(ACTIVITY)
Write out the data again exactly, skipping every picture.

(SOURCE MATERIAL)
<<<<
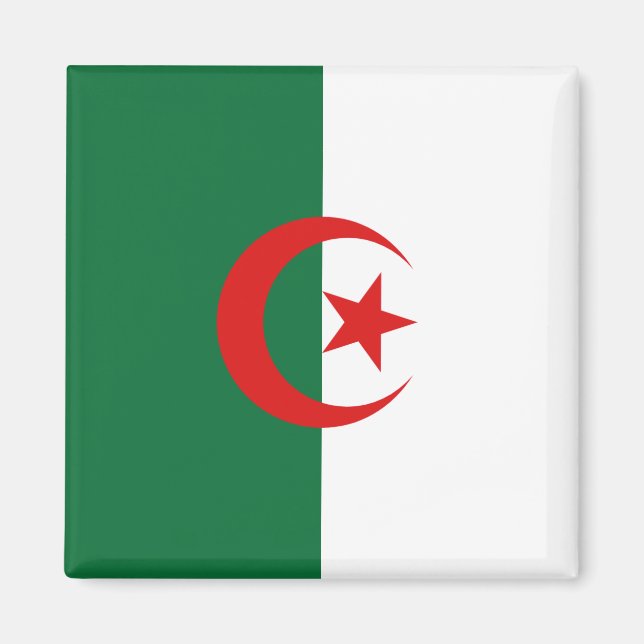 Algeria Flag Magnet (Front)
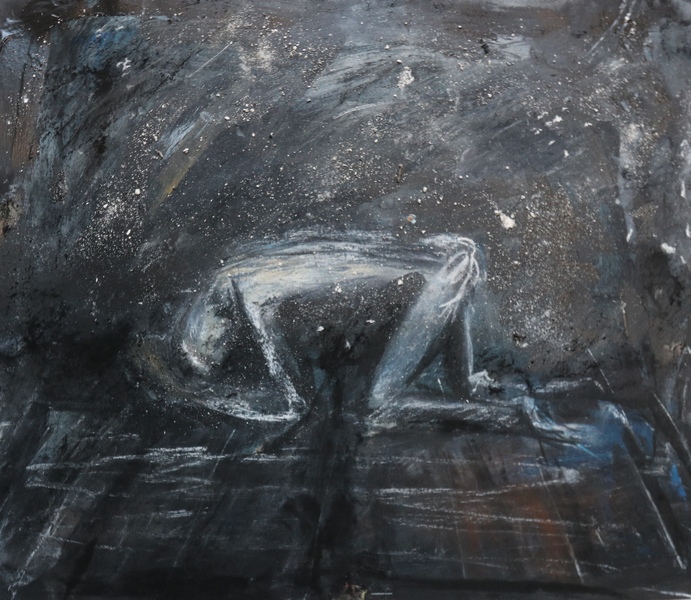 Works on Paper made in response to Carl Lavery's  'Letters to Ana Mendieta' as part of an ongoing collaborative project.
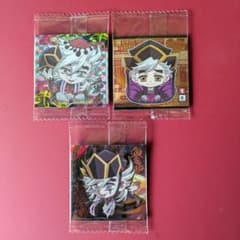 鬼滅の刃 にふぉるめーしょん ウエハース ディフォルメシールのみ 童磨 ３種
>>>>
(SOLUTION TO THIS TASK)
 Algeria Flag Magnet (Front)
 Works on Paper made in response to Carl Lavery's  'Letters to Ana Mendieta' as part of an ongoing collaborative project.
 鬼滅の刃 にふぉるめーしょん ウエハース ディフォルメシールのみ 童磨 ３種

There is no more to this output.